Small scale TFF experiment with ReactIR probe to measure surfactant concentration in-line

The promising results of the process samples in the previous section were used to justify a small-scale TFF test that would use (rare and expensive) fresh process material and simulate an at scale process measurement. Goals of this work included: to confirm that in-line data will be similar to prior work with off-line samples, to identify any unknown aspects of a real-time measurement, and introduce the instrumentation to the manufacturing support group and gather feedback on adaptation of an in-line measurement in a manufacturing environment. An aliquot of approximately 700 mL of viral drug substance material was used to run a TFF experiment with a ReactIR probe placed in the retentate vessel during the run. Reference spectra of the ending PBS buffer were also collected for use during data analysis. As in the off-line sample investigations, data was collected after the sucrose was removed in the first 7 exchanges. Normally at process scale, exchanges require approximately 15 mins per diavolume however, in this experiment, each exchange required only approximately 3 min. As such, the process was placed in recirculation mode between each exchange volume so that 4 to 5 representative infrared spectra could be collected at each exchange. After the last infrared spectrum was collected, a sample was collected from the retentate vessel for off-line HPLC surfactant determination. At the conclusion of the TFF process, the process was placed in recirculation and infrared data collected for an additional two hours. Following the two-hour hold, small additions of surfactant were made to the retentate vessel and additional samples collected for at-line HPLC analysis. The resulting solution was then recirculated overnight, and a final HPLC sample collected in the morning. Fig. 5a, shows the infrared spectra associated with each off-line sample collection time during the TFF experiment, surfactant additions and overnight recirculation.
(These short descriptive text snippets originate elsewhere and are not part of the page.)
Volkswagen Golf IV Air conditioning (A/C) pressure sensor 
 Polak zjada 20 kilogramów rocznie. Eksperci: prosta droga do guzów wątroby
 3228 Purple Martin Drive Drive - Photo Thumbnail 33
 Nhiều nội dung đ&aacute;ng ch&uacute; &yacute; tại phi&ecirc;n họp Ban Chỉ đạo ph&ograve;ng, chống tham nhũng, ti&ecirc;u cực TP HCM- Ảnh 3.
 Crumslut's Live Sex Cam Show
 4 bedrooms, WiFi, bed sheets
A reference spectrum of the final PBS buffer was subtracted from each of the spectra shown in Fig. 5a to eliminate the interference from the PBS buffer peaks and make to visualization of the soluble protein drug substance and surfactant peaks possible.
Fig. 5

a) In-line MIR spectra of a small-scale diafiltration exchanges; b) Combining the MIR with HPLC - PLS model for the exchanges 8 to 15.

a) In-line MIR spectra of a small-scale diafiltration exchanges; b) Combining the MIR with HPLC - PLS model for the exchanges 8 to 15. Following the same approach used with the multi-strain off-line sample spectra, spectra from the 50KDa TFF experiment collected at the time a sample for off-line surfactant analysis were used to construct a PLS model. As before, the goal of this model was to test for consistency and correlation in the data set. The model was composed using 8 training set samples, 4 samples were reserved for a validation set, the region from 1300 cm−1 to 1000 cm−1 and 3 latent variables. Fig. 5b is a plot that shows cross validation data for the spectra used in the model and then the results of the training set data used to test the model, which is the actual vs predicted surfactant concentrations using the 3 latent variable PLS model. Superimposed in the green triangles are the predictions of the validation set samples. During the TFF experiment, the ReactIR generated an infrared spectrum every 3 min. Monitoring the infrared regions of interest included, the surfactant peaks and the amide carbonyl regions which resulted in trend plots of peak intensity vs time. Fig. 6a shows the infrared peak trend of the 1082 cm−1 peak associated with the surfactant. Note that the trend generally correlates well with the off-line surfactant concentrations measured by HPLC (Table 1) represented by the blue circles. Monitoring peak intensities is expedient and does not require calibration, however at low surfactant concentrations, this approach may not provide the accuracy and precision required for an in-line measurement.
Fig. 6

a) Peak intensity trends versus time for the surfactant and drug substance b) Overlay of peak intensity trends and surfactant PLS model predictions.

Table 1

Surfactant concentration measured by HPLC and predicted by FTIR.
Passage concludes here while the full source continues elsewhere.